A Hill veteran should know that removing the border adjustment tax from the House blueprint is not a simple undertaking. Border tax adjustments are a central pillar of the current package. Take that pillar away and the rest of the structure collapses.

Perhaps most of all, Butler should know that dropping the border adjustment tax would blow a $1 trillion hole in tax reform, and that is a revenue hole that simply cannot be patched without sacrificing countless time-honored provisions. No revenue neutrality means no legislative possibility in today’s Republican-dominated Congress.

There are plenty of political and procedural holes in Butler’s argument, but none of them would matter if she was right about her central assertion that BTAs are a bad idea. She isn’t.

Border tax adjustments, as part of the House plan, represent a dual opportunity to drastically improve our tax code and to catch up to – or surpass – our international competitors in one fell swoop. Such a move is long overdue and sorely needed.

We are one of the only developed nations not to employ some type of border adjustment. And we are one of the only nations not to have transitioned away from worldwide taxation of foreign activity (domestic companies are taxed for foreign activities both in the U.S. and in the jurisdiction where the income was earned), to territorial taxation (a company pays tax only in the country where the income was earned).

Most of our international competitors have already embraced border adjustment and adopted tax policy that helps rather than hinders their own companies. The U.S. tax code is currently positioned with nations like Sudan, North Korea, and Iraq — not exactly progressive economic stalwarts!

It is also important to note that, contrary to Butler’s piece, border tax adjustment is not a de facto tariff, nor does it serve as a subsidy for exporters. BTAs apply the same tax burden across the board – to imports and to goods and services produced domestically. As described by revered tax and budget experts Alan Auerbach and Doug Holtz-Eakin, BTAs are not trade policy, but rather “paired and equal adjustments that create a level playing field for domestic and overseas competition.”

As for the impacts on consumers, money exchange rates are expected to adjust rapidly to a new U.S. tax code, meaning importers will not have a need to pass the cost of BTAs on to consumers. The Treasury Department agrees that BTAs do not have trade impacts, and Mary Feldstein argues in the Wall Street Journal that the expected strengthening of the dollar will insulate U.S. consumers and businesses from added costs. The manufacturing sector seems to agree with this assessment, contrary to Butler’s argument.
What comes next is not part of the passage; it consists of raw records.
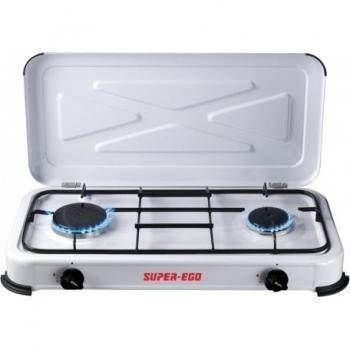 Super Ego SEH024800 Cocina Gas portátil, Blanco, 60x10x30 cm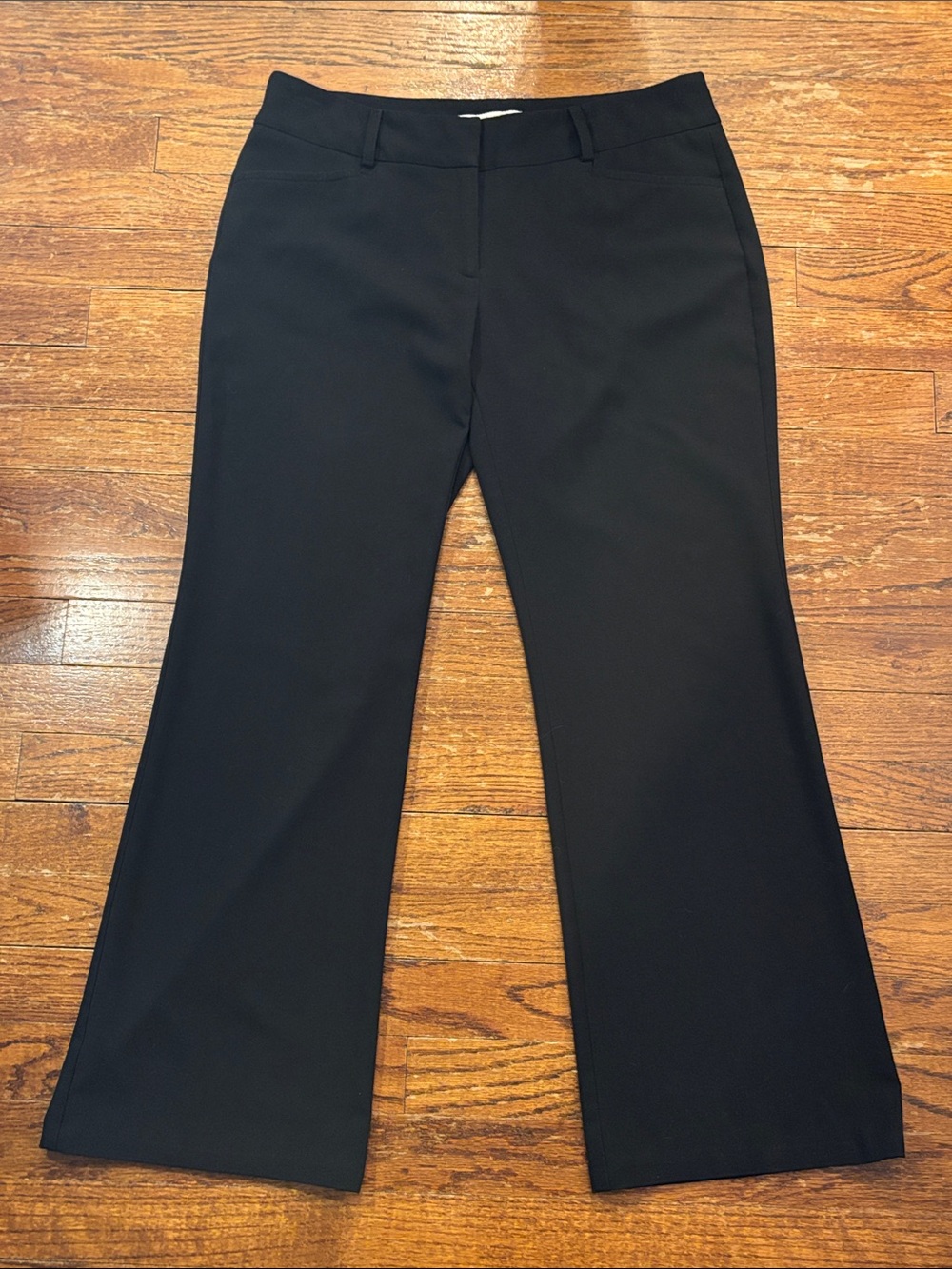 Michael Kors Black Women's Dress Pants - Classic Flare Size 8 Short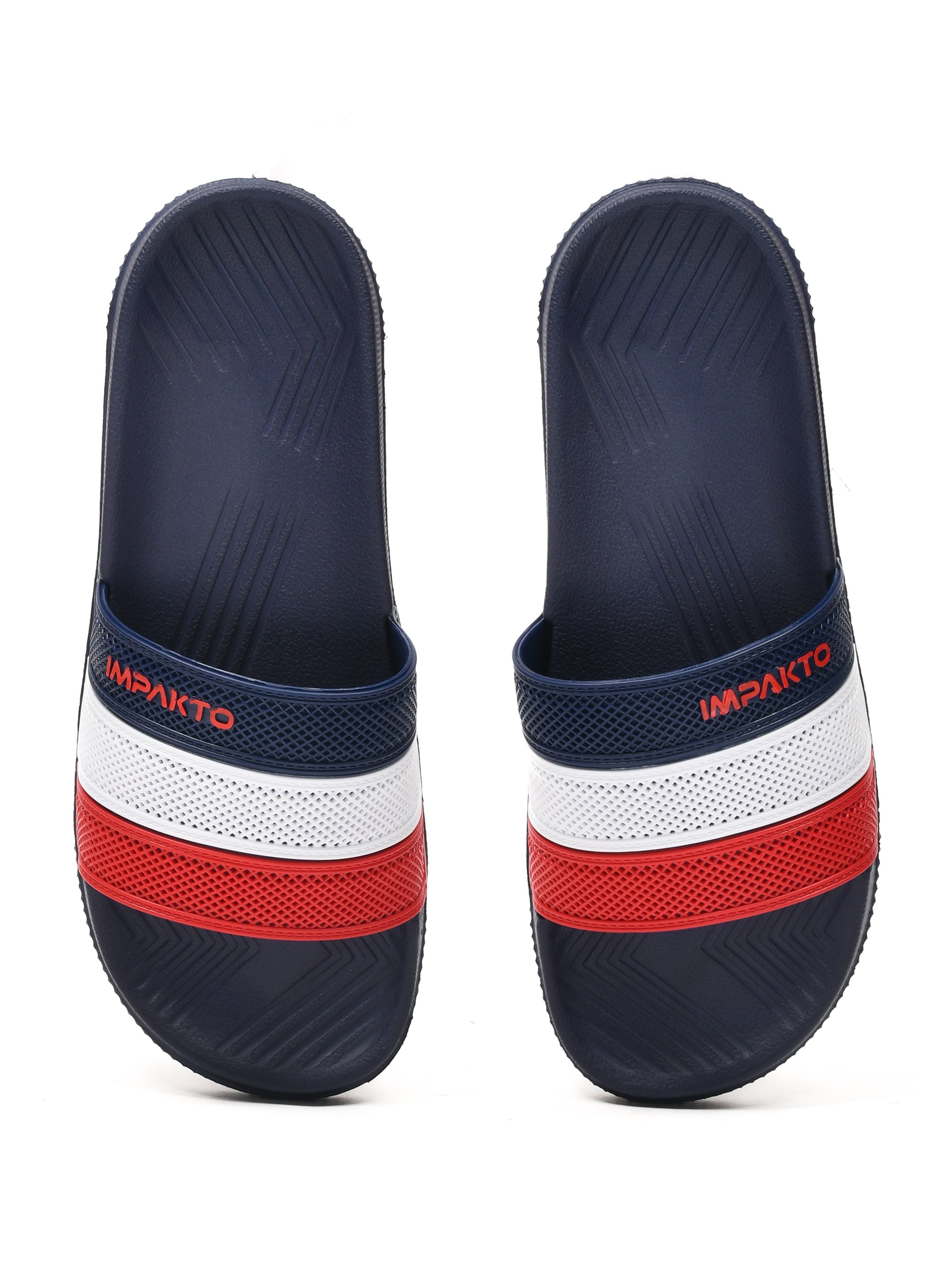 Impakto Men's Tri-Color Flip Flops | Cushioned, Water-Friendly & Grippy EVA Sole - FT3110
Attaining meaningful and successful tax reform is going to take every ounce of political will and policy dedication that is available on Capitol Hill. Butler certainly has every right to express her point of view. But I believe that she  is wrong in doing so with such a narrow focus that ignores both the urgent need to reform the tax code, and the procedural and political realities of doing so—and doing so successfully!

Christopher D. Coursen is the a former Republican Majority Counsel for the Senate Commerce Committee, and Chief Counsel of the Communications Subcommittee, and currently is the Pres. & CEO of the Washington DC government consulting firm, The Status Group.